Herb Fineburg: And one of the things she wrote about in her article was a following, although 89% of high net worth boomers surveyed by RBC Wealth Management in 2024 said it was important to tell heirs about their inheritances. Fewer than 40% had done so, and I would think it's actually even less than 40%.

Danielle Friedman: Yeah. I'm surprised to hear 40%.

Herb Fineburg: And now many of our clients ask us, what can they tell them? And I think, Max, you have a thought about how, look at it in tiers. What have you, determined from this discussion?

Max McCauley: I think at a big picture level, you could divide it into three levels of sharing.

Max McCauley: Level one, the essentials. Almost everyone should share these items. Level two, the structure which would really be helpful for adult children. [00:02:00] And then level three, which is very personal and optional would be disclosing your assets, the numbers, the amounts, who gets what, specifically, so we'll start with the essentials.

Max McCauley: This is the need to know so things don't fall apart tier, but I think even the bullet points in this tier are open to suggestions and discussions. So the essentials would be who your executor is, or trustees, who your guardians are, if you have minor children, where the documents are stored, who your attorney and financial advisor is, and what to do in an emergency.

Max McCauley: I don't think we have total agreement on sharing all those items, do we, Danielle?

Danielle Friedman: No. I get this question a lot. It's probably the most frequent question we get from clients after they sign their documents, they ask me, what do I tell my family? And I often advise them, tell them who your advisors are.

Danielle Friedman: Here's my business card, share my email. Do all that. Tell them where the [00:03:00] documents are stored, the originals, and usually we retain the client's originals, but sometimes the clients take them and, as long as they keep them in a safe place and let their family members know where to locate them, that's okay.

Danielle Friedman: Copies for now should be sufficient too. What I tell them not to share is who they've named as fiduciaries, whether that's executors or trustees, because those can be changed in the future. And relationships change, people mature differently. Certainly personal interactions can evolve and parents may reconsider who they named in certain roles, and if specifically, if they're choosing between different children to serve as executors or trustees. You don't want a child to come back years later and say, well, mom told me that I'm the trustee, but the document says that, my brother's the trustee. What [00:04:00] gives.

Herb Fineburg: It's hard for somebody to understand when mom said you're gonna be the trustee, and the document says something different. Is that child then accusing you of not writing down what mom wanted?

Danielle Friedman: Right. I mean, sometimes it feels that way.
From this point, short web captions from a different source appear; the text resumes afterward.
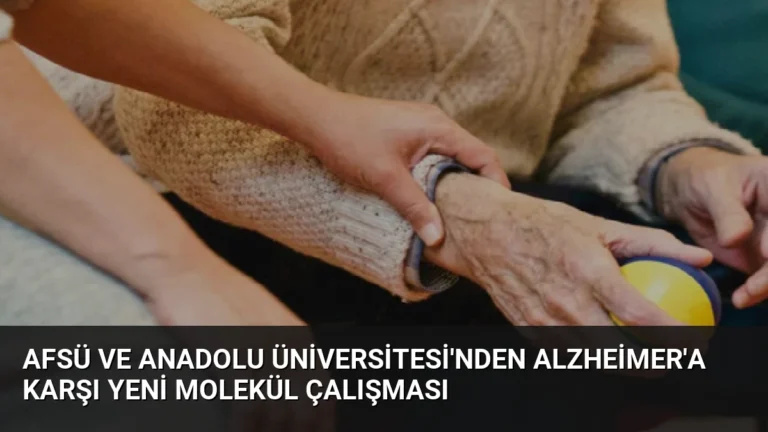 AFSÜ ve Anadolu Üniversitesi’nden Alzheimer’a Karşı Yeni Molekül Çalışması
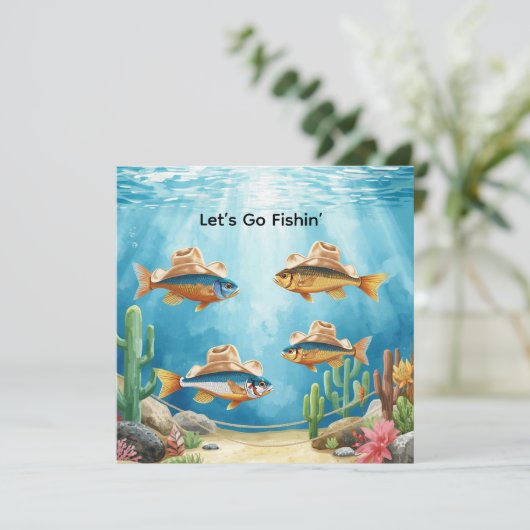 Fish Party Texas themed  招待状 (スタンド正面)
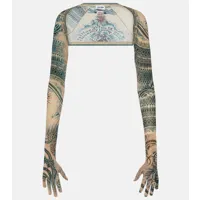 jean paul gaultier gants tattoo collection imprimés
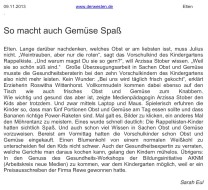 2013.11.09 - www.derwesten.de - So macht Gemüse Spaß - GesErn - Elten - RDo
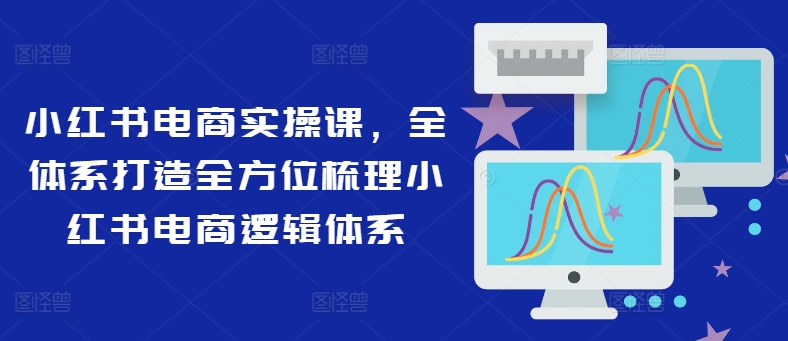 小红书电商实操课，全体系打造全方位梳理小红书电商逻辑体系-小艾网创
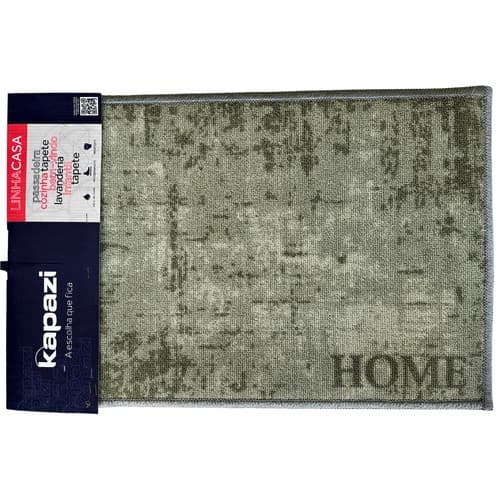 Tapete Capacho De Entrada Cleankasa Home Abstrato 40cm X 60cm - Kapazi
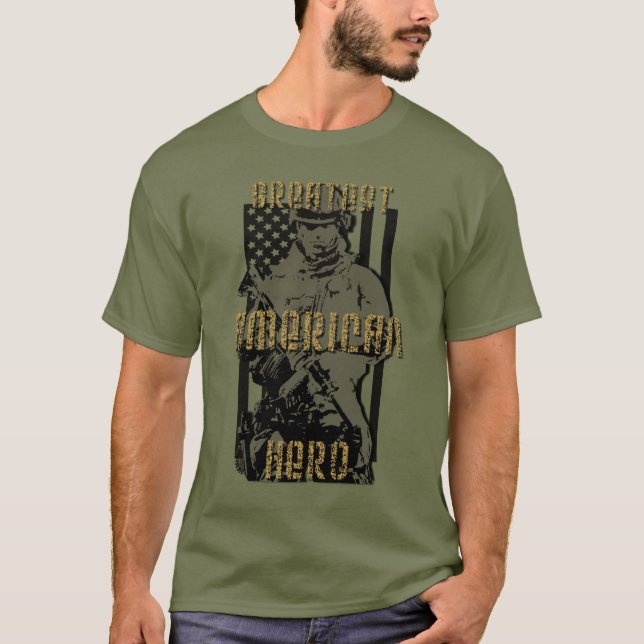 T-SHIRT LE PLUS GRAND HÉROS AMÉRICAIN (Devant)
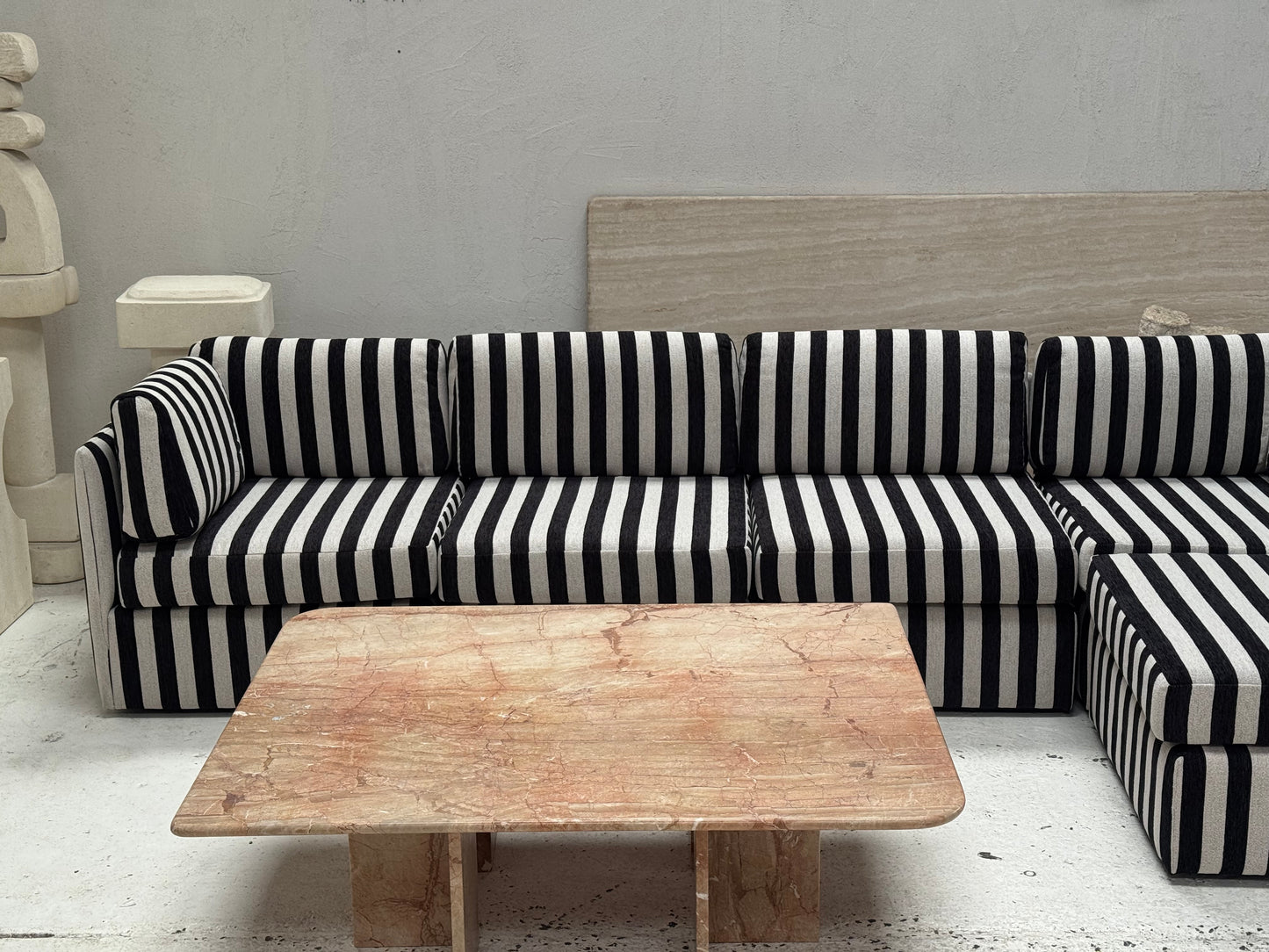 Vintage Jumbo Stripe Modular Sofa - Freshly Reupholstered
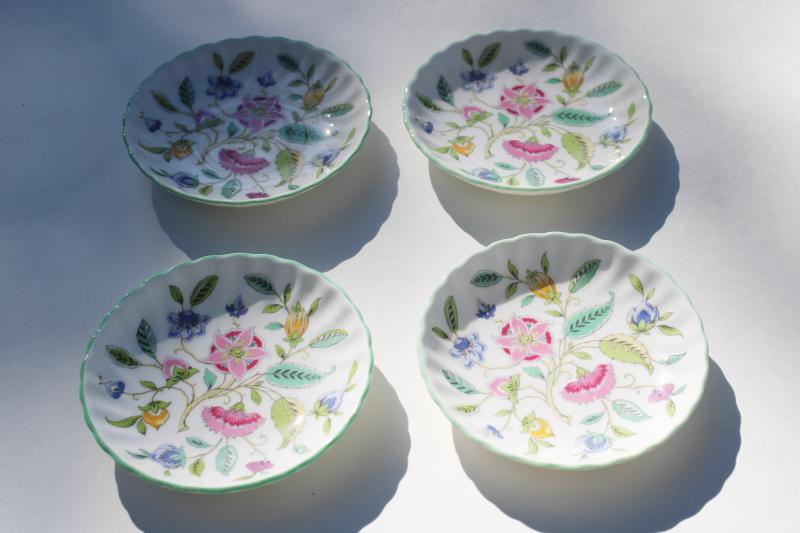 vintage Minton Haddon Hall china, set of tiny plates, coasters, butter pats?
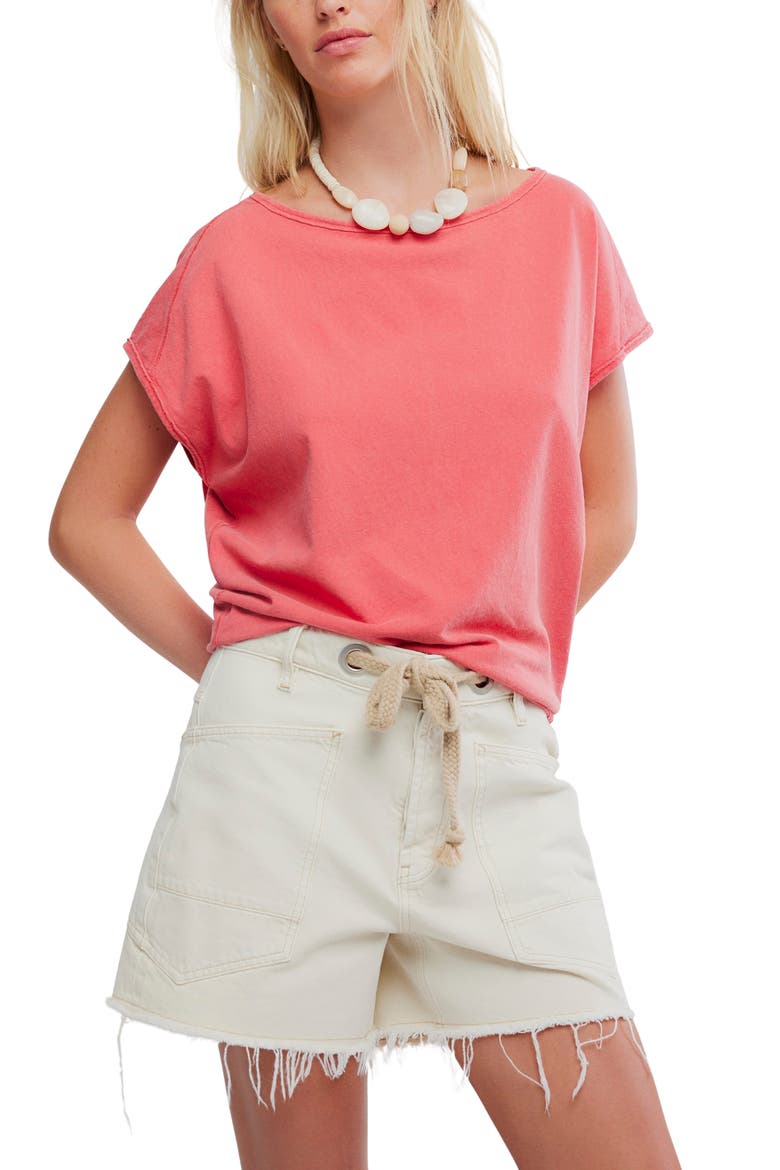 Peggy One-Shoulder Cotton Top, Alternate, color, SOUR SWEET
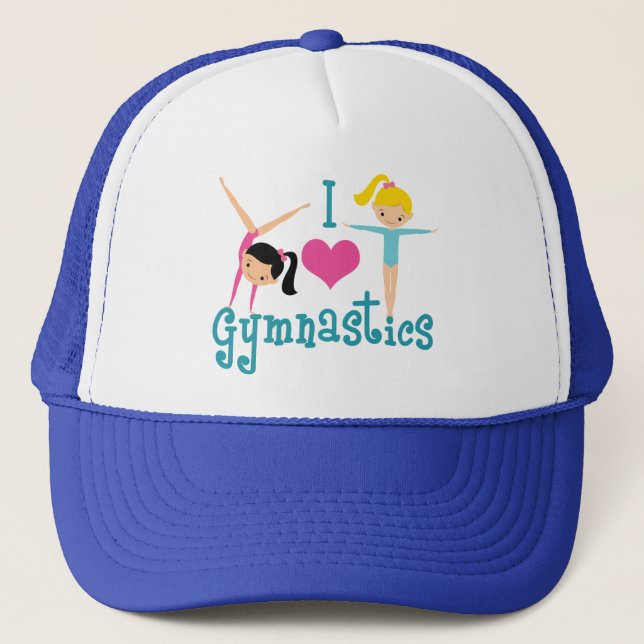 Casquette I Love Gymnastique mignonne Gymnaste (Devant)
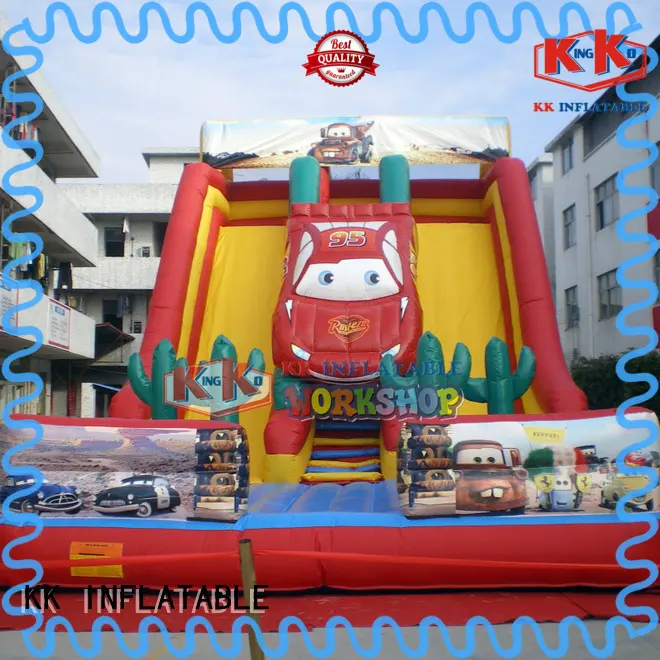 KK INFLATABLE hot selling big water slides colorful for paradise 1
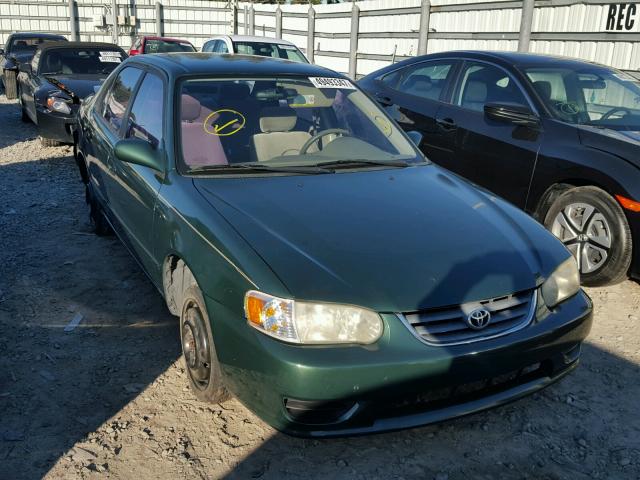 2T1BR12E52C562885 - 2002 TOYOTA COROLLA CE GREEN photo 1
And you can talk to that child slowly, you're blue in the face, and even show them communications that you've had with the parent and say, no, that's no way would mom have said that and you get into this, family drama that wouldn't otherwise exist if that information had been kept private. Now, when it comes to powers of attorney, which are immediately effective, I would share those and say, okay, you're the financial agent. You're my healthcare agent. Here's a copy of the document, because that's gonna be needed most likely in the event of an emergency.

Danielle Friedman: You just have to know with the financial power of attorney that. Most of the time they're effective immediately. That agent can go and transact on your behalf. Of course, they are your fiduciary and need to [00:05:00] act in your best interest, but there is some room for wrongdoing. So you have to really trust that person and hopefully you've named the right person in that role. If you're giving them that access and information.

Max McCauley: But to be clear, if you're just sharing the essentials, you're not discussing money or assets at this point.

Danielle Friedman: No. And I'm not discussing what's going where, who's getting what, none of that. It's really, bare minimum need to know in order to, pick up the phone if something happens.

Herb Fineburg: Can I throw in a couple of other things for essentials? What might be an essential also would be where the life insurance policies are 'cause those oftentimes aren't easily found. Another one would be, is there long-term care insurance? Those might, those should be somewhere, and one that, I've seen in articles is to tell your kids what your preferences are if you need to be taken care of full time. Some people just say, I don't expect you to take care of me. Put me into a nursing home. This is what my preferences [00:06:00] are. I have a long-term policy, should take care of it, or I have enough money to take care of it. Those kind of conversations might be in the essentials without disclosing a whole lot.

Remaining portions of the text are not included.